Complications sans compromis
Philippe Dufour est considéré par les amateurs de haute horlogerie comme probablement le plus talentueux horloger du moment et pourtant il n’en est pas moins quasiment inconnu du grand public. Il faut dire que Philippe Dufour, né dans les années cinquante à la Vallée de Joux, a choisi de devenir indépendant en 1989 pour créer ses propres modèles de montres. Depuis, il a ainsi créé trois calibres.
Philippe Dufour entre à l’âge de 15 ans, et un peu malgré lui, à l’école technique du Sentier pour devenir horloger.
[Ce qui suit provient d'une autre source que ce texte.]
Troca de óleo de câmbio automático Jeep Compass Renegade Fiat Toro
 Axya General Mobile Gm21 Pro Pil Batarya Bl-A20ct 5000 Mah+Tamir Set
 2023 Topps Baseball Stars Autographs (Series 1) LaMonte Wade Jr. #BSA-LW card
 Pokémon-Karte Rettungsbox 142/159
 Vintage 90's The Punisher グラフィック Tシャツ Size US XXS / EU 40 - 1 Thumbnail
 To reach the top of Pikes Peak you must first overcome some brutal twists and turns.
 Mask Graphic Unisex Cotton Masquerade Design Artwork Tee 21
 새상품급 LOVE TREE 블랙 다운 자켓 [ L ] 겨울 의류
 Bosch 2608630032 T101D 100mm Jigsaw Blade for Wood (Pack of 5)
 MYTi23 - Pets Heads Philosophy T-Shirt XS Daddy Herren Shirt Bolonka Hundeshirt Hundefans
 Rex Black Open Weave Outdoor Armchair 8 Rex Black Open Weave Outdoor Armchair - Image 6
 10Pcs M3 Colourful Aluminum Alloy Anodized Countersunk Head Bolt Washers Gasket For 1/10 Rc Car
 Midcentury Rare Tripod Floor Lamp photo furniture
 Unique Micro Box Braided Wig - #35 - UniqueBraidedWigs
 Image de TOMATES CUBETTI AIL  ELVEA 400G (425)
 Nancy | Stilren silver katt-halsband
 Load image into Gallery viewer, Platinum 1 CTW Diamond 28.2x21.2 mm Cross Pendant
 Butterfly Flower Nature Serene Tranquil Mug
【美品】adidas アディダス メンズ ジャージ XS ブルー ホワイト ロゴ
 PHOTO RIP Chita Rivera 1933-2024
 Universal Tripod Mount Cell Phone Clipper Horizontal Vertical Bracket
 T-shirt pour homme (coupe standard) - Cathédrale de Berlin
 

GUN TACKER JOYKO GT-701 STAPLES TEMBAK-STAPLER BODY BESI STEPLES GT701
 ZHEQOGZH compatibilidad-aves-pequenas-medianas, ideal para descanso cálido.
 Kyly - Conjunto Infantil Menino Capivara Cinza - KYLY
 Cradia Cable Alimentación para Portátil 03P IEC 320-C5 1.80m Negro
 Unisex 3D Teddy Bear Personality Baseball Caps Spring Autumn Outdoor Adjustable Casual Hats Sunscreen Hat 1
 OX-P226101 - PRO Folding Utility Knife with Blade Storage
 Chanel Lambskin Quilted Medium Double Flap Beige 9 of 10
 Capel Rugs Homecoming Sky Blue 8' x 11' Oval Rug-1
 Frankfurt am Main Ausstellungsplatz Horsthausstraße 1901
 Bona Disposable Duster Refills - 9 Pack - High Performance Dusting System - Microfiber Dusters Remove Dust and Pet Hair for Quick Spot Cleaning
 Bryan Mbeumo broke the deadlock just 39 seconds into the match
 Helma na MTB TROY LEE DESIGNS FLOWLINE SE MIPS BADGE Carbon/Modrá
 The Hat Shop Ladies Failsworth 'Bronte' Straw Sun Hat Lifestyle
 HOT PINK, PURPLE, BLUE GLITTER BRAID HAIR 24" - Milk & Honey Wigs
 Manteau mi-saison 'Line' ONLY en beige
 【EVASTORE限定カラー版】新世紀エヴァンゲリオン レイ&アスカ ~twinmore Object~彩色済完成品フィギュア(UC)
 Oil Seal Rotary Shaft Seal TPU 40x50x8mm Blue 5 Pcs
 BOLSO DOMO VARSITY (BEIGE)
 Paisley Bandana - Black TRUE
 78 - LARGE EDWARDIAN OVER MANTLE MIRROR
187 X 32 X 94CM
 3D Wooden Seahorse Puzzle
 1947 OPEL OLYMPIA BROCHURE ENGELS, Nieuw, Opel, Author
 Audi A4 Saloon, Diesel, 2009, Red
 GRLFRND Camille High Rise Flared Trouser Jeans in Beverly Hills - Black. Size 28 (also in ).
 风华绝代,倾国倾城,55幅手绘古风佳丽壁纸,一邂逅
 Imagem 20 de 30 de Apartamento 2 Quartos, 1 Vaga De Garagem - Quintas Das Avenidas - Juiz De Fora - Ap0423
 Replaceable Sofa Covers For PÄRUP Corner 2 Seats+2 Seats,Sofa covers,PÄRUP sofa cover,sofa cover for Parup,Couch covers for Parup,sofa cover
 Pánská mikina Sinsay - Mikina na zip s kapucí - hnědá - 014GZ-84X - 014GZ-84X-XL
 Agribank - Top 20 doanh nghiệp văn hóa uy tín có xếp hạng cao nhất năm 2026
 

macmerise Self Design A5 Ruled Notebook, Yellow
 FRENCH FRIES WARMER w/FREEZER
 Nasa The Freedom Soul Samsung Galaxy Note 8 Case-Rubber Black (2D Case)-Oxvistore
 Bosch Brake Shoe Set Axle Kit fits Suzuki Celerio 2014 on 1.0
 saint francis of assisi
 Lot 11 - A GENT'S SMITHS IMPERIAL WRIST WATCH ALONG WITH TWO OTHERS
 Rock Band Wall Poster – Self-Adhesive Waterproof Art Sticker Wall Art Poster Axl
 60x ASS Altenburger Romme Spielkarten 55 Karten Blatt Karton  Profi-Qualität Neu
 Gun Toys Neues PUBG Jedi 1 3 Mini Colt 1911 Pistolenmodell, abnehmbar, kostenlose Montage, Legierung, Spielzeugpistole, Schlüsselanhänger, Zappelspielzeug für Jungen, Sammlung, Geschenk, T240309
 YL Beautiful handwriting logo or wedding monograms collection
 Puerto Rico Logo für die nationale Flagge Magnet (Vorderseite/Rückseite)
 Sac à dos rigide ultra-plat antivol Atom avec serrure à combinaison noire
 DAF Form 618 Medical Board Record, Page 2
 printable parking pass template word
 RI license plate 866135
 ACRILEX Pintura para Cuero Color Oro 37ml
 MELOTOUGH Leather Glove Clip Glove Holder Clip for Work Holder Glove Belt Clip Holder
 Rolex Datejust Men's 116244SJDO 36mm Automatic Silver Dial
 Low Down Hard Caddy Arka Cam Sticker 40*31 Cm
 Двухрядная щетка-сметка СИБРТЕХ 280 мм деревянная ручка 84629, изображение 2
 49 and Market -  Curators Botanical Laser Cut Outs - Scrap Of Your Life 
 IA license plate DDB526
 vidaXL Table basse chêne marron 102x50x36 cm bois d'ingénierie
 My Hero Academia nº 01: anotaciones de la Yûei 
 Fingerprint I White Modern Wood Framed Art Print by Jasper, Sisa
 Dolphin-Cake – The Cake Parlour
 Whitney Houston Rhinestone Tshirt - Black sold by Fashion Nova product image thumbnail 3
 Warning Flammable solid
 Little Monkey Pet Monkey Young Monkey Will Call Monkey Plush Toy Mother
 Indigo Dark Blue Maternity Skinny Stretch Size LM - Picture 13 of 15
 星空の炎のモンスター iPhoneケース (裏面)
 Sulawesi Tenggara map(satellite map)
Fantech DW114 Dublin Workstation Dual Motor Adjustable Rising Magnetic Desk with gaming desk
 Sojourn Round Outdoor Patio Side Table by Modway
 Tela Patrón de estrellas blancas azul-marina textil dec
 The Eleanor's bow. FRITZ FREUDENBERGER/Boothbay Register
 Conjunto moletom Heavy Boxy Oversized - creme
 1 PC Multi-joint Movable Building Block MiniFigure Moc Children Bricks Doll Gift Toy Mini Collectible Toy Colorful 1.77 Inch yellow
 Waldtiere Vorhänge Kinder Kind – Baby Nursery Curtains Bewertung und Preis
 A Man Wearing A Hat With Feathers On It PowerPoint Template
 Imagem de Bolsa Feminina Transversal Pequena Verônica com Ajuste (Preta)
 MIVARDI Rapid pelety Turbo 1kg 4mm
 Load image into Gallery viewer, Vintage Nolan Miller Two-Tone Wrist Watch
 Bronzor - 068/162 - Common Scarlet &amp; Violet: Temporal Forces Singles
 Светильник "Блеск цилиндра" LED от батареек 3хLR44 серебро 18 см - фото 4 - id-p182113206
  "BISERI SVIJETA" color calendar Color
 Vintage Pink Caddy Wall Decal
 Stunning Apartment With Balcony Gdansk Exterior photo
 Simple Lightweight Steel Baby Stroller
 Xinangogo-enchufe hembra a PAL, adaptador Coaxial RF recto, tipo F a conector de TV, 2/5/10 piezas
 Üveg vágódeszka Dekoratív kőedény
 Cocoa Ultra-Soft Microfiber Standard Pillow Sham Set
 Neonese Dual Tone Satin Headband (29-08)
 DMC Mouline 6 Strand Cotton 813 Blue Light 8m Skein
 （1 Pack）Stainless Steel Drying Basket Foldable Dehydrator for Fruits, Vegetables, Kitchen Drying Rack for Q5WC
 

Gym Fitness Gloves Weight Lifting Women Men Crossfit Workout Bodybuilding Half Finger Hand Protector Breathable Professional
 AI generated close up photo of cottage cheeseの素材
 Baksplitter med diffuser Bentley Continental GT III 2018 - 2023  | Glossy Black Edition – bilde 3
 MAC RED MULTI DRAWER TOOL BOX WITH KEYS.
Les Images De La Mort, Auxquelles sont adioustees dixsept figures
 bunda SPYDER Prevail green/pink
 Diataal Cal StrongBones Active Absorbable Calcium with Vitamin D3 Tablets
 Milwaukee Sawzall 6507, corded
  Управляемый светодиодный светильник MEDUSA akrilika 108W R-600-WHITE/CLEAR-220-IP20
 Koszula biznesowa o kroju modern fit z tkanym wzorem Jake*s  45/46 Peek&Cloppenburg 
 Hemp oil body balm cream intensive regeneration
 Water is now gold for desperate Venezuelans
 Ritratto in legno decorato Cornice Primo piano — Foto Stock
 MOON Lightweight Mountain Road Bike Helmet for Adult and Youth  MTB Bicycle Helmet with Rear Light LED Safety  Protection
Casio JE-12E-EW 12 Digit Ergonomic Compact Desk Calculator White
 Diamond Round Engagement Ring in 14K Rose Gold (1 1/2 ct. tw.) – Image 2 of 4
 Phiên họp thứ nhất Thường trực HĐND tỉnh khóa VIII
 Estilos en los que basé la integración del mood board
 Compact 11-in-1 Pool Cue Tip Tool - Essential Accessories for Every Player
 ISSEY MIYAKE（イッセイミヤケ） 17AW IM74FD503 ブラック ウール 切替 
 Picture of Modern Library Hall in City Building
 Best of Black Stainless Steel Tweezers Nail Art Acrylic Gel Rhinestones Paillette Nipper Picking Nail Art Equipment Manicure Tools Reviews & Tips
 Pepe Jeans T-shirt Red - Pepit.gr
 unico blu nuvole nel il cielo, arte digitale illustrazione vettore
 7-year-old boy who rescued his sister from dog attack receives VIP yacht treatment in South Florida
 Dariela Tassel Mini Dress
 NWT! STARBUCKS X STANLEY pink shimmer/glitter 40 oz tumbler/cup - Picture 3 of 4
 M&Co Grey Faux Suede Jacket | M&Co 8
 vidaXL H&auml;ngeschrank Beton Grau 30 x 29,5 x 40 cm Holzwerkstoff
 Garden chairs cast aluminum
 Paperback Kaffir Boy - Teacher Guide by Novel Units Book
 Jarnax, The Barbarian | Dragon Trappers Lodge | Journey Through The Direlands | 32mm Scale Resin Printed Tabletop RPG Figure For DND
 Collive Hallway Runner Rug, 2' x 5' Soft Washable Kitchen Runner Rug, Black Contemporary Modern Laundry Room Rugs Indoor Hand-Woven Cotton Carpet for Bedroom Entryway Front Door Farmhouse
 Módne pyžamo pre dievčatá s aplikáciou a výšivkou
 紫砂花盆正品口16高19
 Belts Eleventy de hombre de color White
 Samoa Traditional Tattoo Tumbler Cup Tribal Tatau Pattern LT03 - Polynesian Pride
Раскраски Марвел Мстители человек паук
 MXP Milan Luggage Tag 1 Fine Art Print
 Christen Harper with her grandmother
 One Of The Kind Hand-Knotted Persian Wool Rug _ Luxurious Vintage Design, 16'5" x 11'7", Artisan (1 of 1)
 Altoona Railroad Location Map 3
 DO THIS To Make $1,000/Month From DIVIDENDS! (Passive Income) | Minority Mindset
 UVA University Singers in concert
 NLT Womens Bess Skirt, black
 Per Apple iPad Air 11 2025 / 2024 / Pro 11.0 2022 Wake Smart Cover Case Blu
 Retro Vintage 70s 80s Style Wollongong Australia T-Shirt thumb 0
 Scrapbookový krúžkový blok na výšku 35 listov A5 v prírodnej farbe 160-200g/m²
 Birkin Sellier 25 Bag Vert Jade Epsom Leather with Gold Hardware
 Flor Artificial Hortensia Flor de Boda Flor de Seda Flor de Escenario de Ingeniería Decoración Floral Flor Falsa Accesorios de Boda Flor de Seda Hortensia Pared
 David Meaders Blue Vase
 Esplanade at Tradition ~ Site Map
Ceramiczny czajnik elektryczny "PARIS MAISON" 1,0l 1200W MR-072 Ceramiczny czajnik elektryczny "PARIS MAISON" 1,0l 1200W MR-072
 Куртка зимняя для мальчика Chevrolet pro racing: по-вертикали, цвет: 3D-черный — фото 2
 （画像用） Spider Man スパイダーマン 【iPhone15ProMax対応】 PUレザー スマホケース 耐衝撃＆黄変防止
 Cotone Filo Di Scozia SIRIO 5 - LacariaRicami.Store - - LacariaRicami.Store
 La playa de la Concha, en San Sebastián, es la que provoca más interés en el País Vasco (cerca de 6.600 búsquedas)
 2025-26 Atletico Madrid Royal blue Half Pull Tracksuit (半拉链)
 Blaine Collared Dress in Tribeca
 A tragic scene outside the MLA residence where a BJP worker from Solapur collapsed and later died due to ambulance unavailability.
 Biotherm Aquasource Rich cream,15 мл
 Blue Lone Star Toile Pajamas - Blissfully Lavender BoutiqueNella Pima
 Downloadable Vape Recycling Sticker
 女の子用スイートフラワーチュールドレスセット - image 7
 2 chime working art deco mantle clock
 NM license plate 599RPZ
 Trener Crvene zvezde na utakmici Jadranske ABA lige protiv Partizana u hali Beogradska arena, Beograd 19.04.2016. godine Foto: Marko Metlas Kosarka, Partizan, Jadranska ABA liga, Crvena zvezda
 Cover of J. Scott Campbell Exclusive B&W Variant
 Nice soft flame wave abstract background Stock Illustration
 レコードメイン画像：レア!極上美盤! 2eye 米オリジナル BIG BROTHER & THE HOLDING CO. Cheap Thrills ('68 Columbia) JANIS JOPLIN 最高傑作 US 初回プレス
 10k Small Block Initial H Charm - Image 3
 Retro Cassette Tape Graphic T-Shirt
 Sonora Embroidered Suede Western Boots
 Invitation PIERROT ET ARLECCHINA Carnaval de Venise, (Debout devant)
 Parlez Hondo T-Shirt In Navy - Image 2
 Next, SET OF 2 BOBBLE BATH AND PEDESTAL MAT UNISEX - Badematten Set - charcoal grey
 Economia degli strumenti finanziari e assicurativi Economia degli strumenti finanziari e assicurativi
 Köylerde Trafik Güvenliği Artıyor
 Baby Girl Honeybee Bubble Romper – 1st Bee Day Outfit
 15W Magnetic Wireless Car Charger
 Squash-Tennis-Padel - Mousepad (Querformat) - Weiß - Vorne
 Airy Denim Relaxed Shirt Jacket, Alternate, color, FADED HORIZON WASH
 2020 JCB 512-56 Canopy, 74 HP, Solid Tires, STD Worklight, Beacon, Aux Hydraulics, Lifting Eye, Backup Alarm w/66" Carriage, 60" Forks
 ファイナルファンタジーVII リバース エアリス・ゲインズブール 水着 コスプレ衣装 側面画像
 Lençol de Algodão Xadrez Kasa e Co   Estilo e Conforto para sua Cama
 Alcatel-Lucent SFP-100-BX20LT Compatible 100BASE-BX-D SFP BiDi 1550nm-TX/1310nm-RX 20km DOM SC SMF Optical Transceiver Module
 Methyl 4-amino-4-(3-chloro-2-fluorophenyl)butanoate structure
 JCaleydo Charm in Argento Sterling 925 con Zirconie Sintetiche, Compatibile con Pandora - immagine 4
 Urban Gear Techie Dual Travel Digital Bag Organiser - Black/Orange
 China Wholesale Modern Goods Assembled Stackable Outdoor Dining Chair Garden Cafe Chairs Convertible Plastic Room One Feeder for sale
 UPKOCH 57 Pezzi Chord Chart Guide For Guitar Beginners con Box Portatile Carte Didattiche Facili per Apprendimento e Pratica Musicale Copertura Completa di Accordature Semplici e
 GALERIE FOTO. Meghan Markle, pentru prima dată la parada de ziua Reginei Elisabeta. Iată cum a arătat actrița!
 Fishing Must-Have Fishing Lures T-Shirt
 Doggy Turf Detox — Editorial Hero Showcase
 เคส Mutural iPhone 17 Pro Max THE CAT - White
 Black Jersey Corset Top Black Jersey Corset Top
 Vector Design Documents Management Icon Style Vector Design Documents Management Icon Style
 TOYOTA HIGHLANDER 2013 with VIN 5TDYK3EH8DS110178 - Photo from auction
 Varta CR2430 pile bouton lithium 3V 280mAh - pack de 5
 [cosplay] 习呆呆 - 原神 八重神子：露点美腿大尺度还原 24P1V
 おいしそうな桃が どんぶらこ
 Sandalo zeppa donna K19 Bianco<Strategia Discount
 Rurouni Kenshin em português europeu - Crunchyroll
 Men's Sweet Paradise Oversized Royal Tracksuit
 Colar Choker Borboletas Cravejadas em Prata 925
Contre toute attente, il se passionne très vite pour ce métier et en sort diplômé en 1967. Immédiatement, il a l’opportunité de travailler pour une grande marque de la Vallée où il parfait sa formation.
Après avoir travaillé pour les plus prestigieuses enseignes horlogères, non seulement à la Vallée mais aussi à l’étranger, notamment aux Caraïbes, il lance sa propre affaire de restauration de montres anciennes dans un atelier du Brassus. C’est en s’inspirant de celles-ci que Philippe Dufour décide en 1989 de créer ses propres créations et devient horloger indépendant.
 
En 1992, il fait sensation à la Foire de Bâle en présentant un modèle inédit de montre-bracelet grande sonnerie répétition minutes. Quelques années plus tard, il présente sa seconde montre, la Duality. Une montre qui fonctionne avec deux cœurs. Sa renommée devient alors mondiale auprès des amateurs de haute horlogerie. Afin d’atteindre une clientèle plus large, il développe en 2000 la Simplicity. Une montre "toute simple" comme son nom l’indique, mais dont le degré de finition est tel, qu’il lui faudra 12 ans pour en fabriquer 200.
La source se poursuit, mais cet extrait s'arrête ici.